Conventionally, the following method of manufacturing a MOS transistor on a semiconductor substrate is generally used. First, an isolation region is formed on the semiconductor substrate using a field-forming insulation film as a mask. The field-forming insulation film is then detached to expose the active region, and a conductive film is deposited on the exposed region. The conductive film is patterned to form a gate electrode. A sidewall is formed on a side surface of the gate electrode, and a contact plug to be connected to a source/drain diffusion region is formed, thereby completing the MOS transistor.
However, according to the conventional method, three mask patterns are necessary including a mask pattern to form a field-forming insulation film (an active field pattern), a mask pattern'to form a gate electrode (a gate electrode pattern), and a mask pattern to form a contact plug (a diffusion contact pattern). A part of these three mask patterns cannot be omitted. Therefore, manufacturing cost cannot be reduced by reducing steps of manufacturing process. Furthermore, a positional mismatch between the contact plug and the active region needs to be considered at the time of forming the contact plug using the mask pattern (the diffusion layer contact pattern). Consequently, a wide active region needs to be secured by taking into account a margin for forming the contact plug, and it is difficult to reduce the area of the active region.
Furthermore, in order to form a lightly doped drain (LDD) region and a self-aligned contact, a cap insulation film is necessary on the gate electrode. In this case, a total film thickness of films including the gate electrode becomes about two times the thickness of the gate electrode, which results in a very high aspect ratio.

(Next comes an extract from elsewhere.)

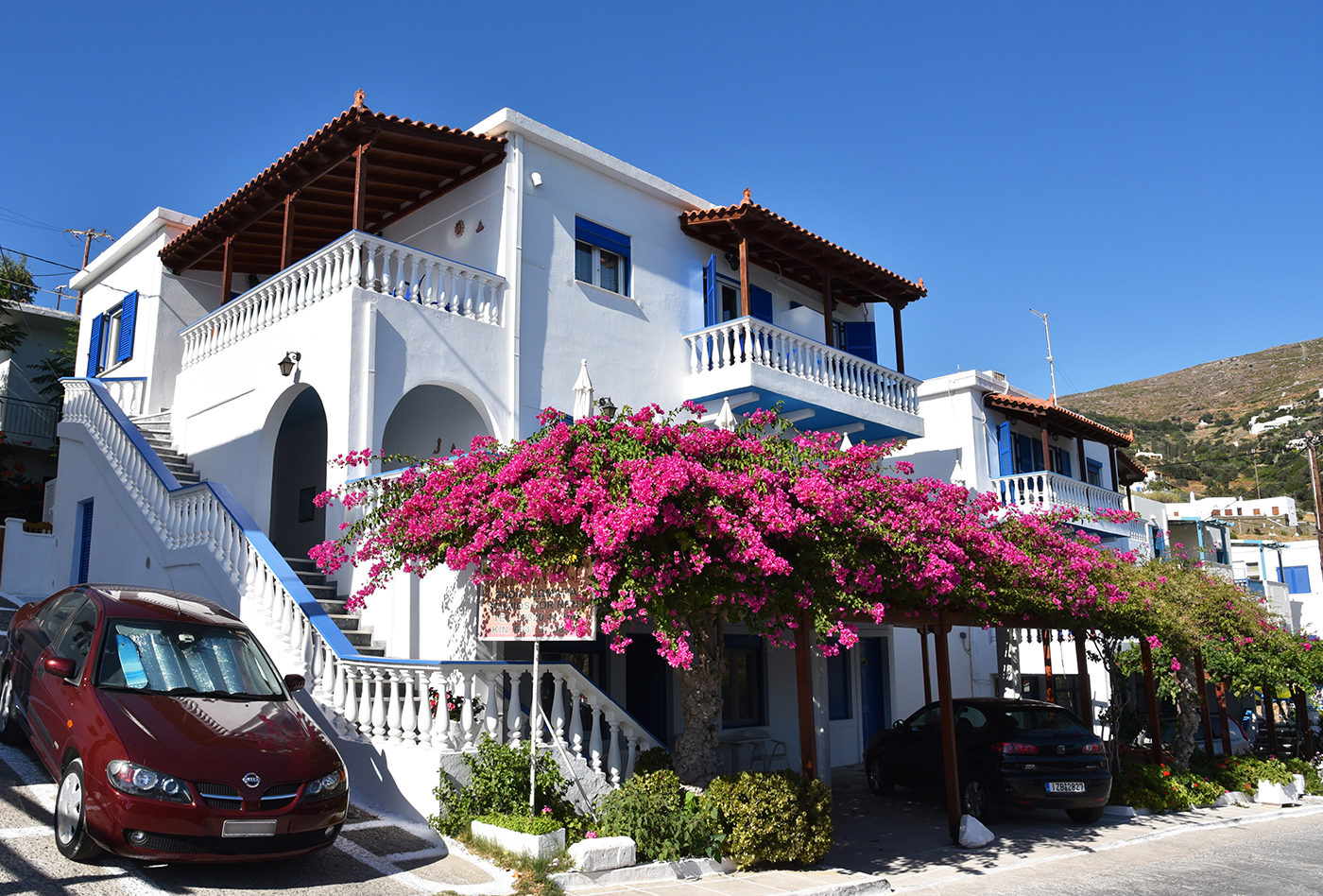 Villa Limanaki όμορφη διαμονή στο Μπατσί στην Άνδρος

Consequently, a processing margin becomes short in patterning the gate electrode. A margin of burying various kinds of materials in a space between gate electrodes such as a sidewall and a contact plug, and a processing margin of an interlayer insulation film that is once buried into a space between the gate electrodes and then removed become short. This problem is particularly evident in a transistor having a large film thickness of a gate electrode and a very small distance between the gate electrodes due to the employment of a polymetal structure such as a memory cell transistor of a dynamic random access memory (DRAM).
The problem of the very high aspect ratio can be solved somewhat by using a damascene process in the manufacturing of a memory cell of the DRAM, as described in Japanese patent application laid open No. 2002-43544 and Japanese patent application laid open No. 2002-110930. According to the damascene process, an inter-gate insulation film is formed before the gate electrode. Therefore, a defect due to a shortage in a covering rate of the inter-gate insulation film (a short-circuiting between contacts) can be prevented. However, in this case, it is difficult to substantially reduce steps of the photolithography process or substantially reduce the active region.

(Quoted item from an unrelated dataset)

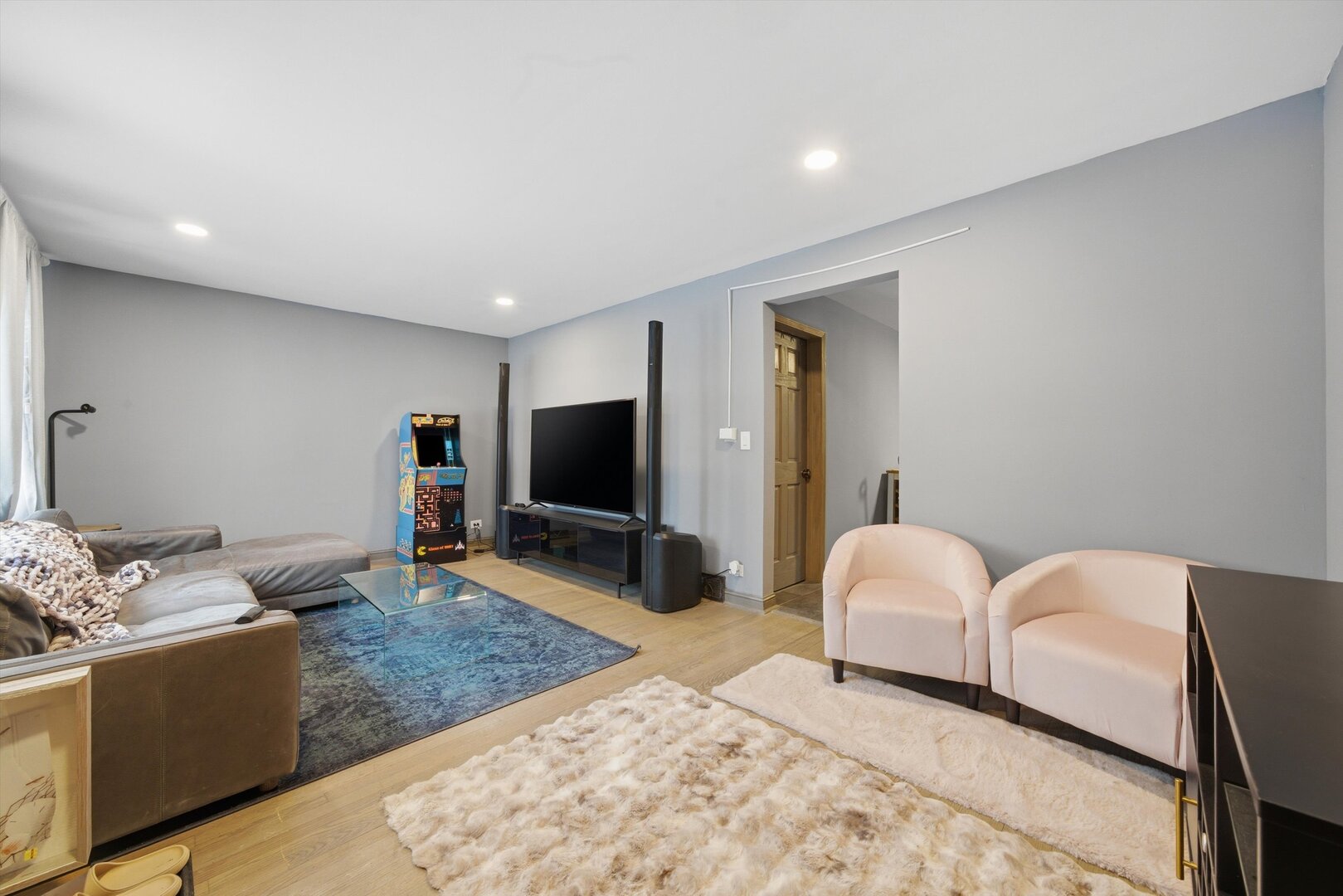 4449 S Kedvale Avenue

When a transistor size becomes small due to miniaturization of the transistor, a sub-threshold current increases based on what is called the “short-channel effect”. Accordingly, a refresh characteristic reduces in the DRAM, for example. In order to solve this problem, it is effective to secure a sufficient gate length while suppressing the area per one transistor by burying a gate electrode within a trench formed on a semiconductor substrate (see Japanese patent No. 3,150,496).
However, in order to embed a gate electrode into the trench, a mask pattern to form the trench on the semiconductor substrate is separately necessary. Therefore, it is also difficult to reduce steps of a photolithography process and to substantially reduce an active region.